>>>
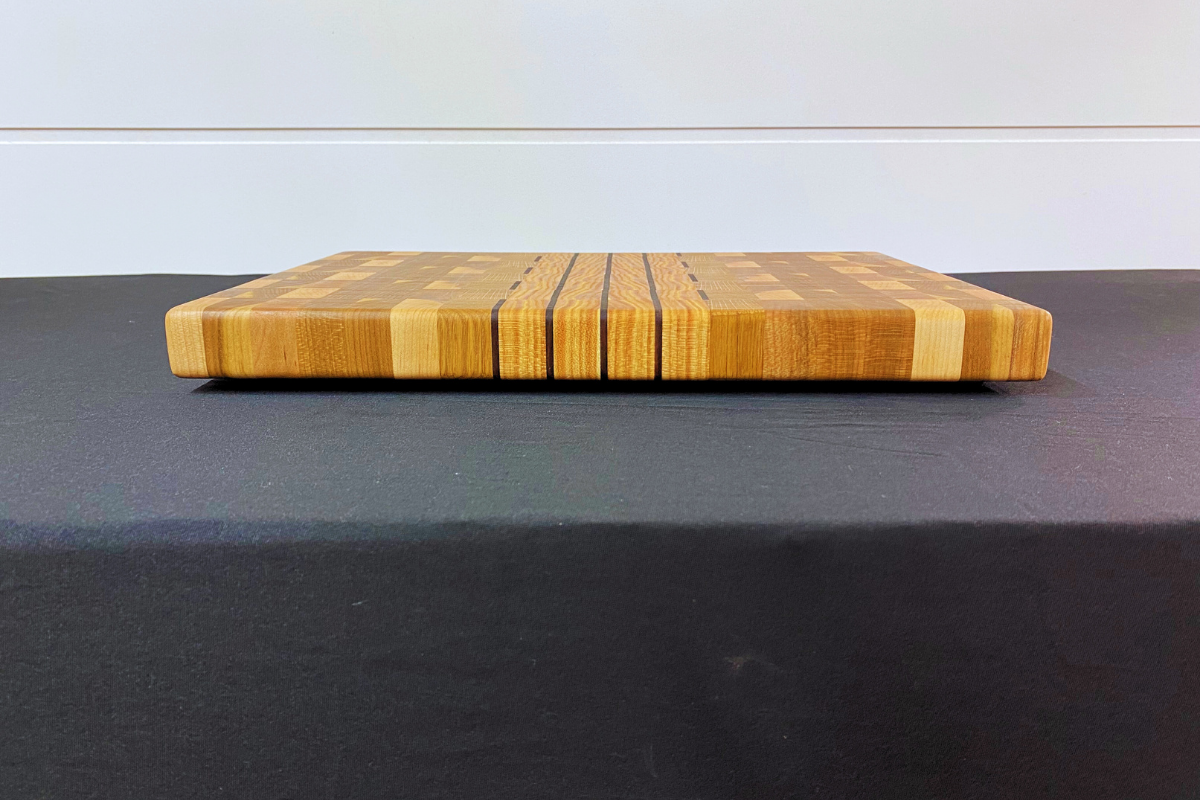 End Grain Ambrosia Maple, Cherry, White Oak & Kentucky Coffee Bean & Peruvian Walnut Accents Cutting Board - 11.25" x 16" x 1.25"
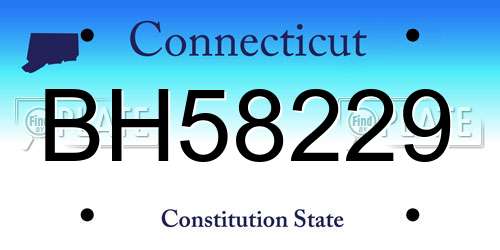 BH58229 Connecticut License Plate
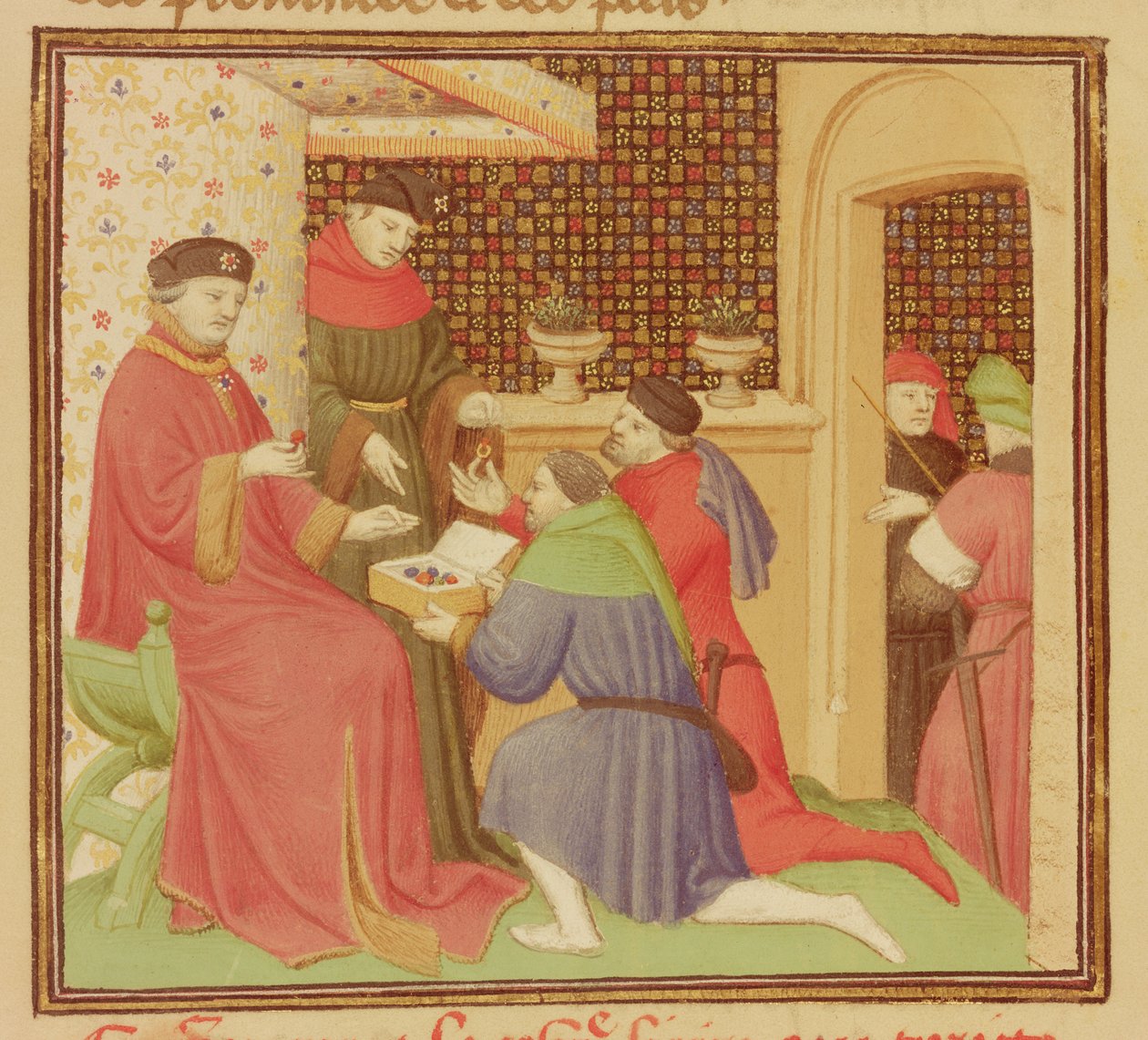 Fr 9141 fol.235 Hertugen mottar edelstener, fra 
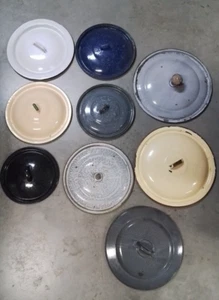 9Vintage Enamelware Lid Only Lot grey Speckle Splatter yellow black variety - Picture 1 of 7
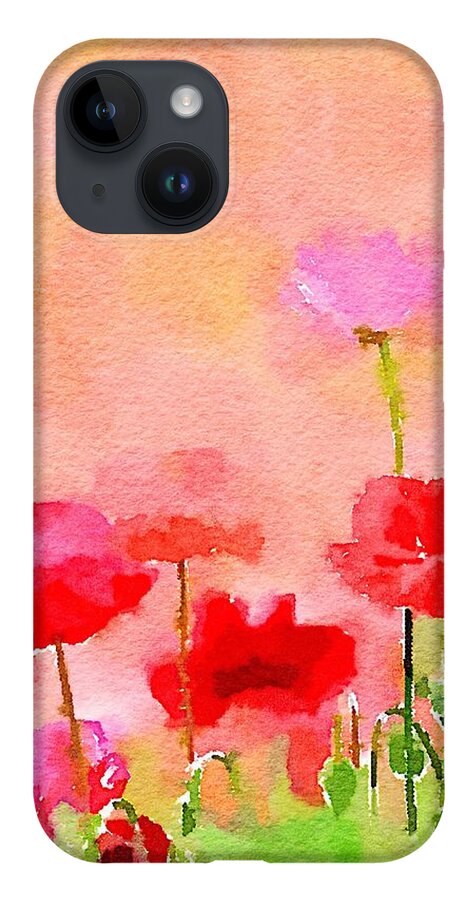 Flowers iPhone 14 Case featuring the digital art Pink by Joe Roache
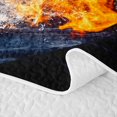 thumbnail image 5 of Feelyou Fire Water Baseball Bed Spread Queen for Boys, Blue Orange Splash Ball Queen Coverlet Set, 3 Pieces, 5 of 7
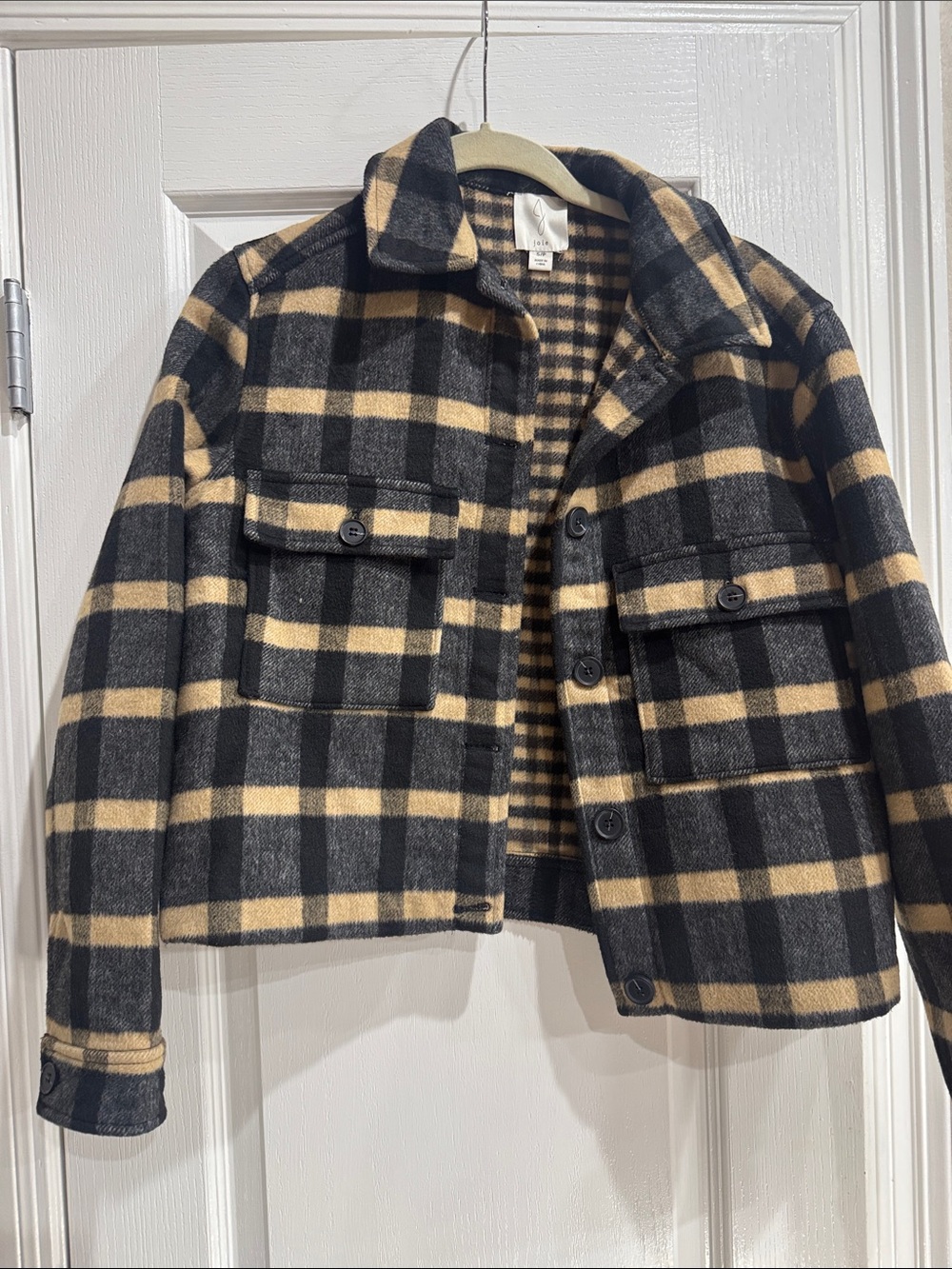 Joie Black and Tan Plaid Pea Coat for Kids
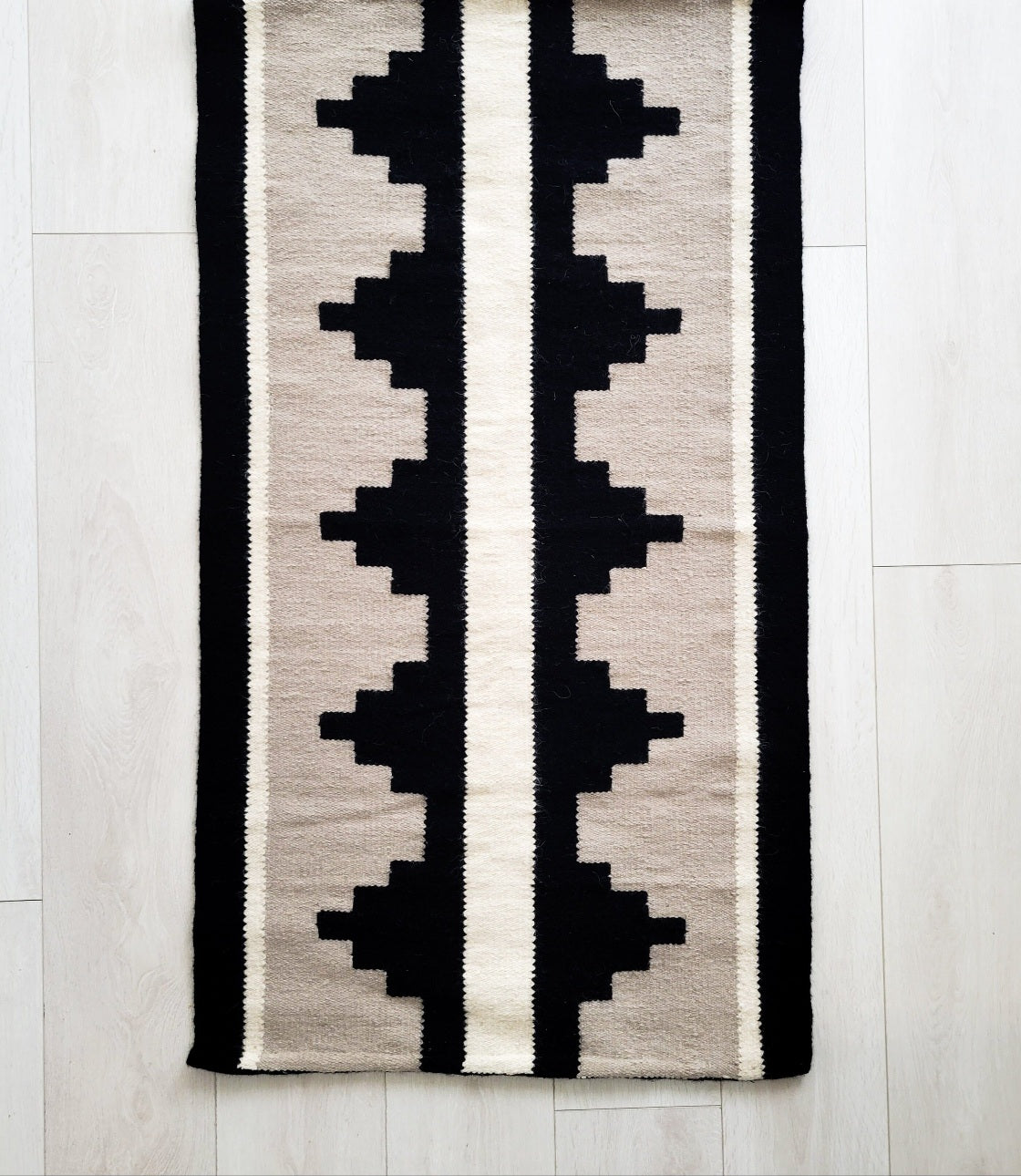 Black Runner Rug Natural Wool Mumo Toronto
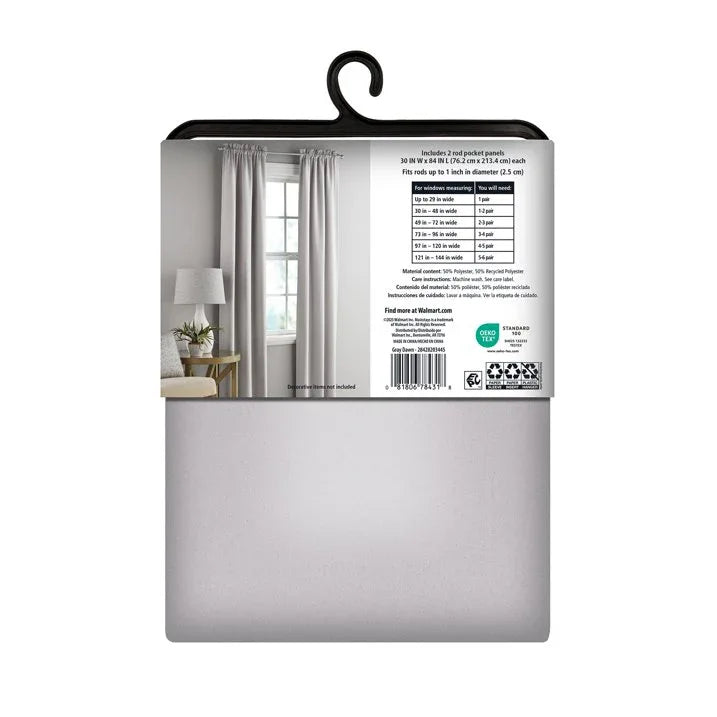 Wholesale Price with free shipping across the USA for Mainstays Blackout Curtain Panel Pair, Set of 2, Grey Dawn, 30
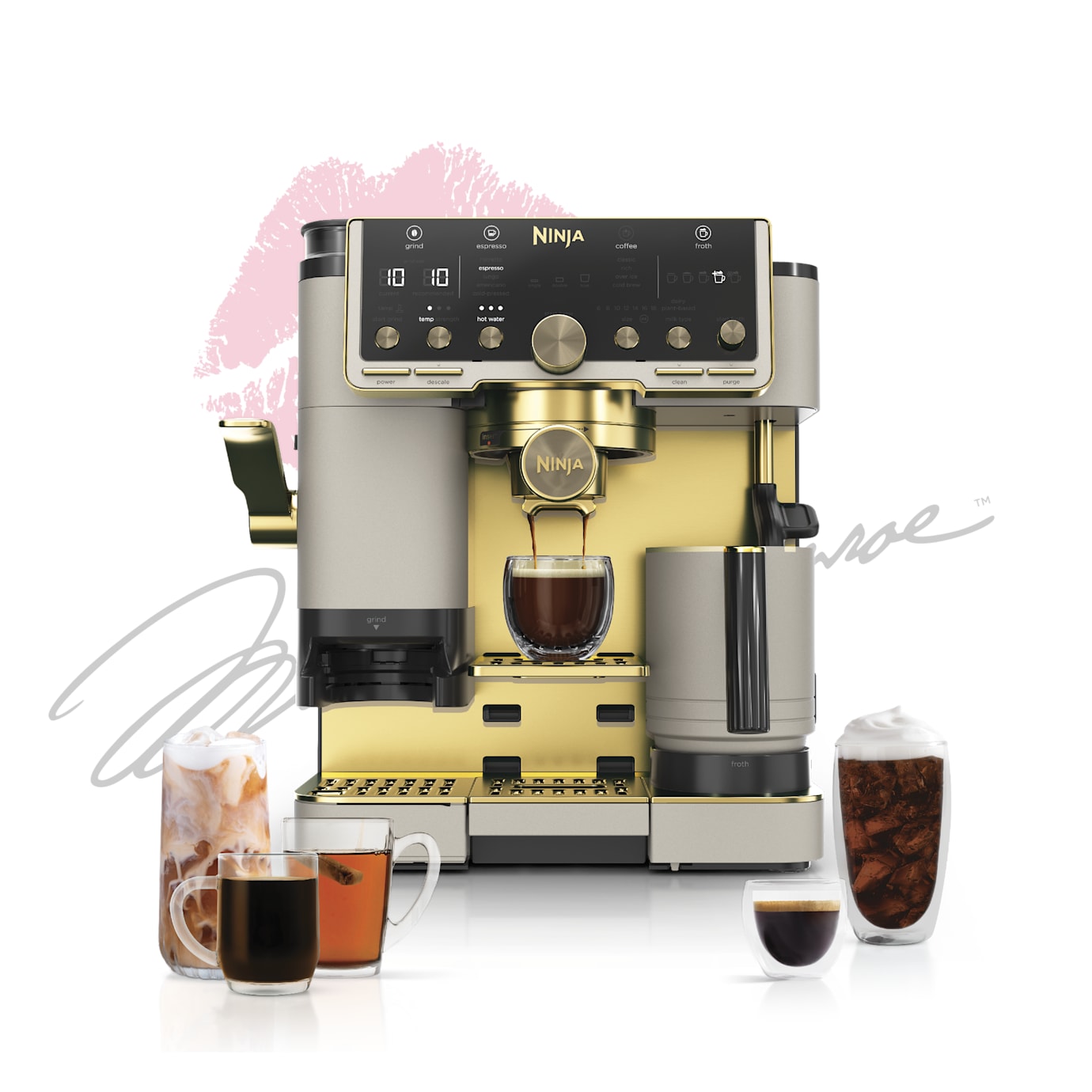 Ninja Luxe Café Pro Limited Edition Espresso Machine in Stone & Gold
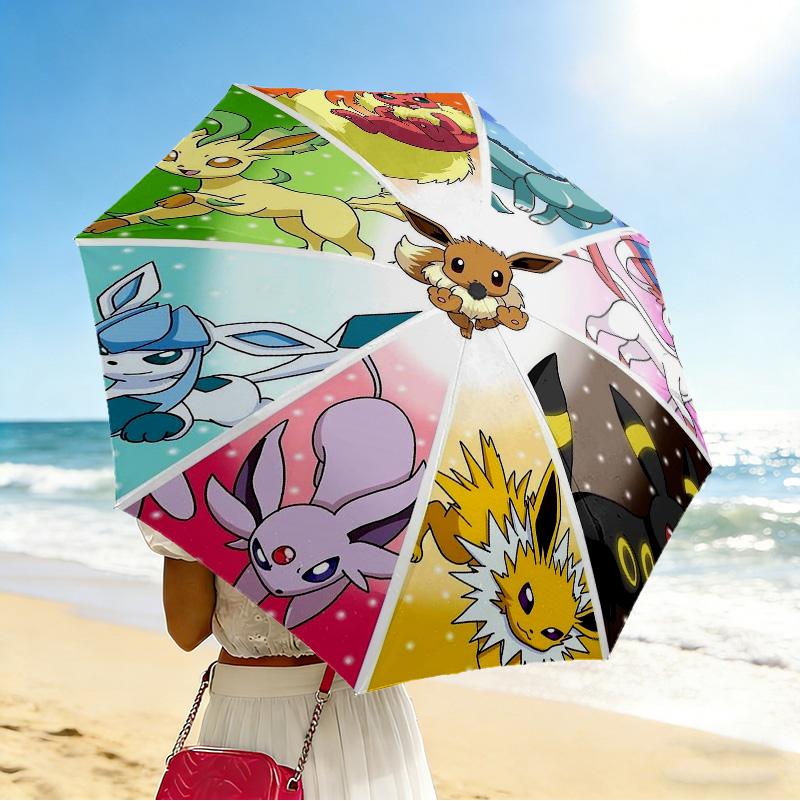 Eeveelution Wheel 8 Ribs 3Fold Black Glue Uv Protection Umbrella Sun Protection Rainproof Compact Folding Umbrella For Travel Daily Use C923295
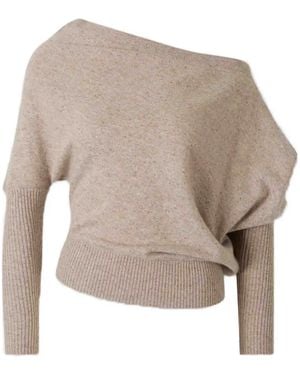 Altuzarra Off-Shoulder Draped Sweater - Natural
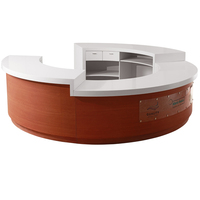 Comptoir de réception circulaire en Corian blanc, design populaire, comptoir avant avec affichage arrière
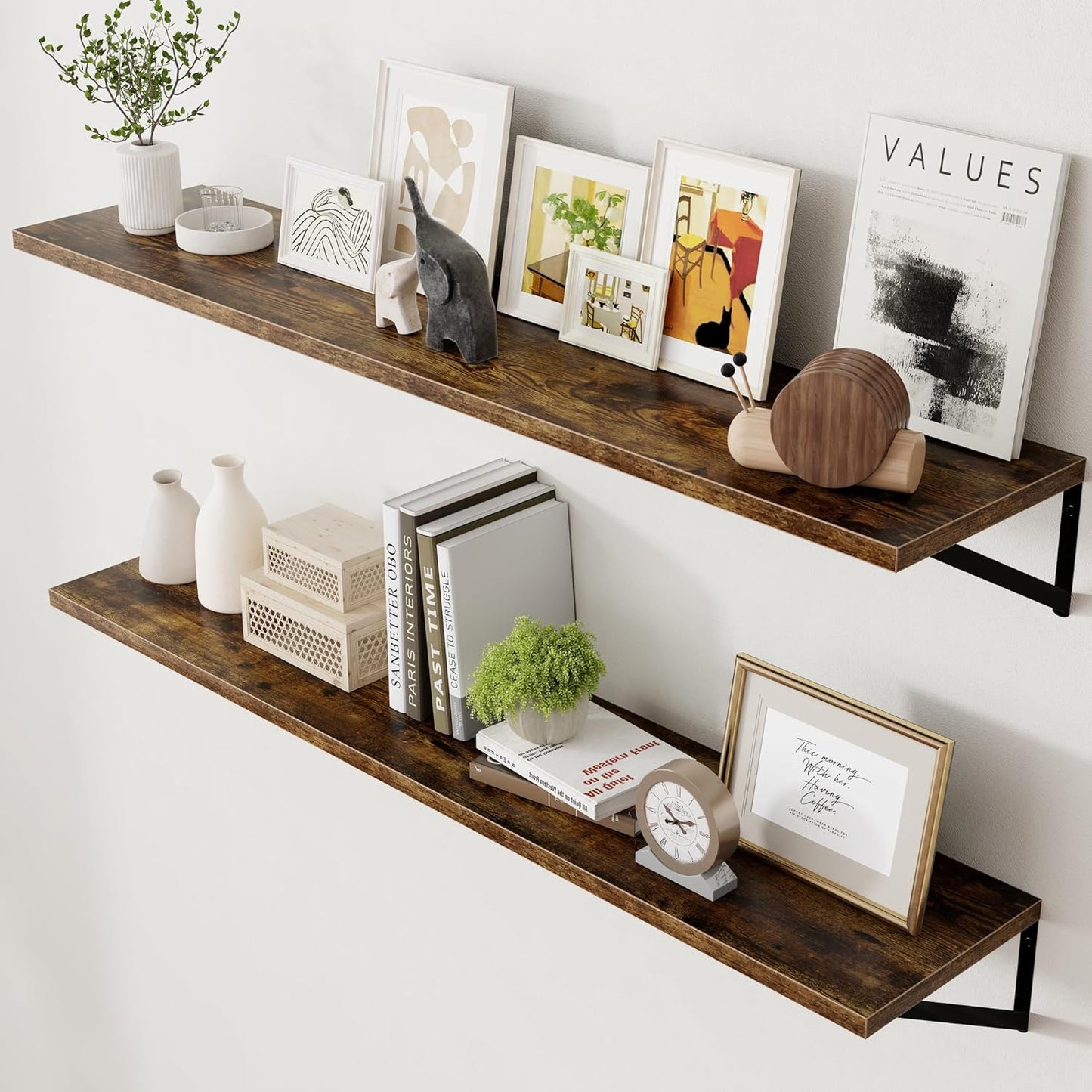 Axeman 12 Inch Deep Floating Shelves for Wall - 55 Inch Wide x 12 Inch Deep Wall Shelves Set of 2 - Rustic Wood Floating Shelves for Living Room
<<<
The lines to repeat run from the line containing "Comptoir de réception" through the end of the listing above, both included; give them exactly and without pictures.

EXERCISE ANSWER.
 Comptoir de réception circulaire en Corian blanc, design populaire, comptoir avant avec affichage arrière
 Axeman 12 Inch Deep Floating Shelves for Wall - 55 Inch Wide x 12 Inch Deep Wall Shelves Set of 2 - Rustic Wood Floating Shelves for Living Room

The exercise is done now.